- **Task to carry out**
Would you reproduce the whole listing exactly, minus its images?

- **Supplied information**
_ _ _ _
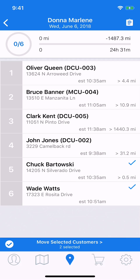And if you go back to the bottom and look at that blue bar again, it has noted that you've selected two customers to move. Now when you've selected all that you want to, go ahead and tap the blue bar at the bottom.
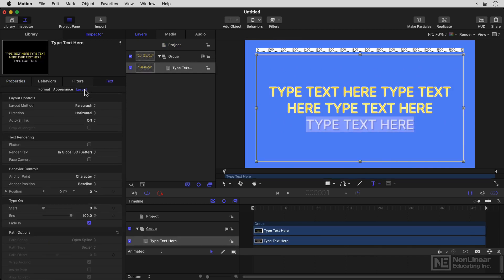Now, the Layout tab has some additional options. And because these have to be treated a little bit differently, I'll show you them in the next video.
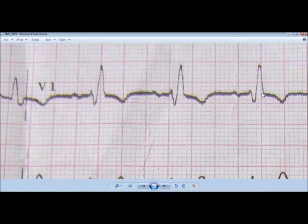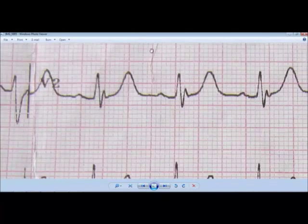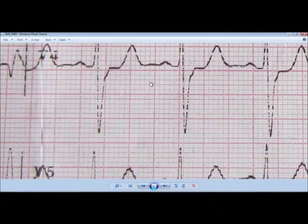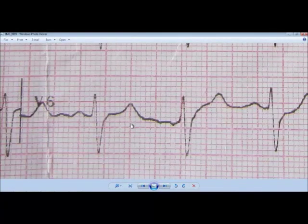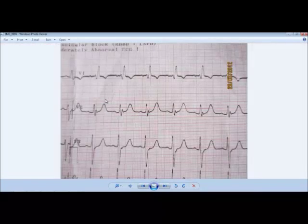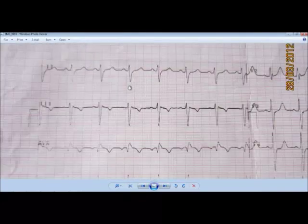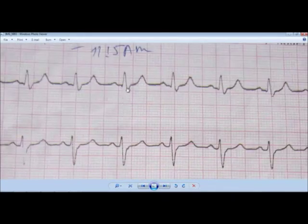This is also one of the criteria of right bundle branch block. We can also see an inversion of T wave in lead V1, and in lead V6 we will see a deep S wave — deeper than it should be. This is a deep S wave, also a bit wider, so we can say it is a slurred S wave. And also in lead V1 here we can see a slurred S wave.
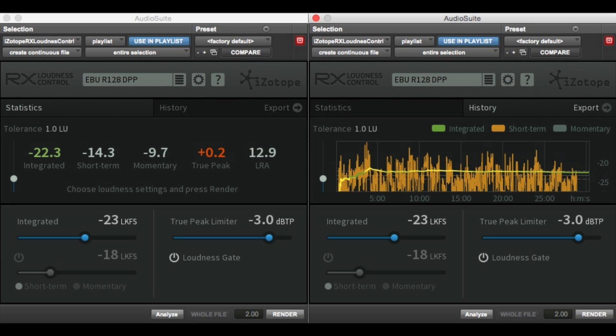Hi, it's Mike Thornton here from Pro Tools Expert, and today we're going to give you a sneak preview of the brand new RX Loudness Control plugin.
_ _ _ _
- **Response to the task**
And if you go back to the bottom and look at that blue bar again, it has noted that you've selected two customers to move. Now when you've selected all that you want to, go ahead and tap the blue bar at the bottom.
Now, the Layout tab has some additional options. And because these have to be treated a little bit differently, I'll show you them in the next video.
This is also one of the criteria of right bundle branch block. We can also see an inversion of T wave in lead V1, and in lead V6 we will see a deep S wave — deeper than it should be. This is a deep S wave, also a bit wider, so we can say it is a slurred S wave. And also in lead V1 here we can see a slurred S wave.
Hi, it's Mike Thornton here from Pro Tools Expert, and today we're going to give you a sneak preview of the brand new RX Loudness Control plugin.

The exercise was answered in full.